I started to surf more actively and realized that surf activates flow big time. It kicks a lot of the triggers for flow.
Flow triggers related to extreme sports:
- Intensely focused attention: creating flow requires long periods of uninterrupted concentration. In other words, flow requires a singular task.
- Clear intention: know what you are doing and why are you doing it. When goals are clear the mind does not wonder what to do next.
- High consequences: When there is danger lurking the environment we do not need to concentrate extra hard to drive focus. The elevated risk levels do the job for us since survival is fundamental to any organism.
- Rich environment – it means a place with a lot of novelty, unpredictability, and complexity.
There is a mixture of adrenaline and fear attached to surfing because of the energy in waves. It doesn’t matter how experienced you are, whenever you’re dropping in you don’t know if you’re going to ride out and get a rush, or get smashed by the wave. All that exercise reducing stress and releasing endorphins. Surfers in my opinion experience flow more than ordinary.
I will try to give it a slight description of what does it feels like, so you can scarcely taste it:
When I’m out there in the ocean I hardly think about anything else. Fresh ocean breeze mixed with salt water splashes into the face and you start feeling weightless as you accelerate down the wave. The sun is settling down and you can see the path that it creates on the water. Then, a meditative silence fills the space and there is only the moment you are in. For a short period it feels as you become one with something greater than yourself and all your soul want to scream is something like: “I FEEL SO ALIVE”...
Studies show that a surfer only ride a wave for an average of 6 seconds but the intensity of the experience lasts much longer.

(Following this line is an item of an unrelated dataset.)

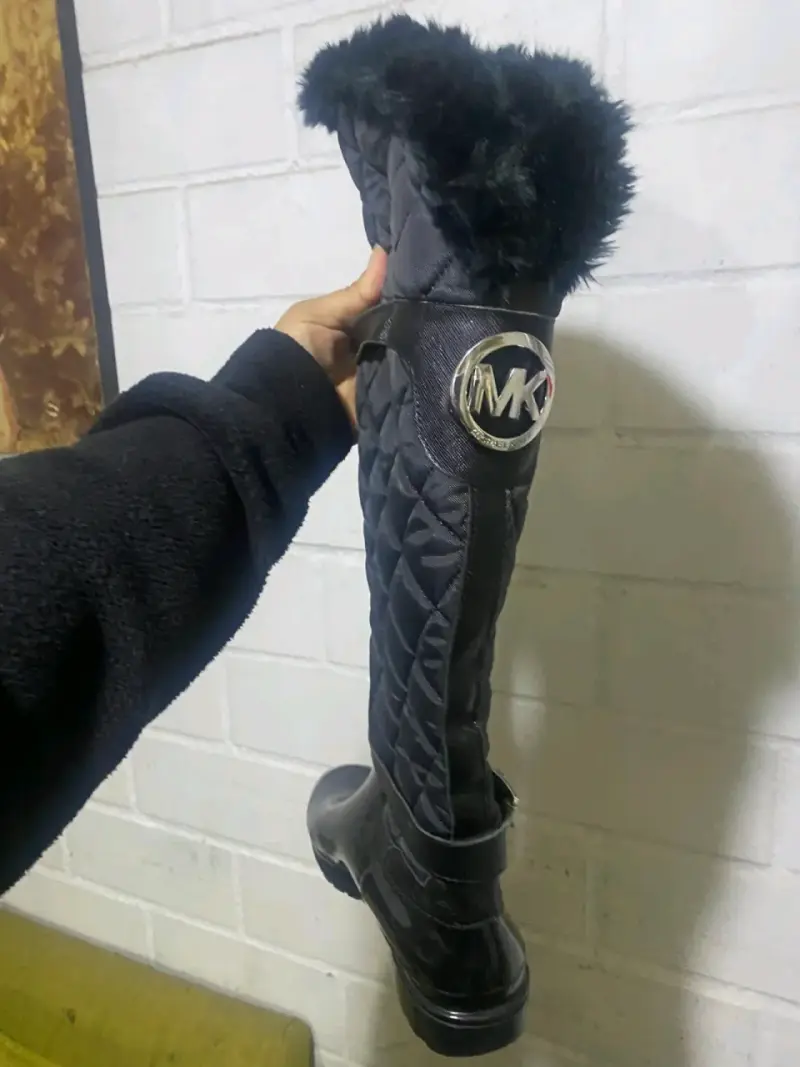 Bota de invierno negra MK - 1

“To forget oneself – to lose oneself in the music, at the moment – that kind of absorption seems to be at the heart of every creative endeavor. — Dani Shapiro
The power of flow.
When you are in a flow state, you are bypassing your prefrontal cortex.
Hold on, let me explain.
The prefrontal cortex is the cerebral cortex covering the front part of the frontal lobe. This brain region has been associated with planning complex cognitive behavior, personality expression, decision making, and moderating social behavior. In other words, it is the orchestration of thoughts and actions in accordance with internal goals.
What does it mean to bypass it?
Your body can respond to minuscule changes in the environment faster than the speed of thought. As the flow sensation goes along with or follows the movement, the initial intention must be translated to the muscles in order to generate forces and displacements. There is immediate feedback to one’s actions.
How do Olympic athletes or X-games athletes keep getting better and keep breaking records? Can humans ever reach the limit?
The impressive thing is that when science says humans cannot go any quicker, lift any heavier or ride bigger waves and spin more degrees they’ve been proven wrong. It’s amazing how of what the human mind and body are possible — when an old record is broken, the new world record gives another generation athletes a norm to beat. So even if it seems as if we’ll eventually reach a roof for world records and max out our body, there’ll always be someone else who will try to beat it.
It is the flow that allows athletes to show us what is possible.
Surfing is a 1,000-year-old sport, and 20 years ago the biggest wave ever ridden was 25 feet. Today surfers push into waves 100 feet tall. Or consider snowboarding: In 1992, the biggest gap ever cleared was 40 feet; today that jump is 230 feet.
The answer is flow.
In all other activities flow is a luxury, but at the upper edges of action/adventure sports, a fundamental requirement. The state is the only reason these athletes are surviving the big mountains, big waves, and big rivers. When you’re pushing the limits of ultimate human performance, the choice is stark: it’s flow or die.
The greatest athletes aren’t interested in the greatest risks. I mean, sometimes they’re taken, sometimes not, but those physical risks are a by-product of a much deeper desire to take creative risks. Don’t be fooled by the danger. In action and adventure sports, creativity is always the point.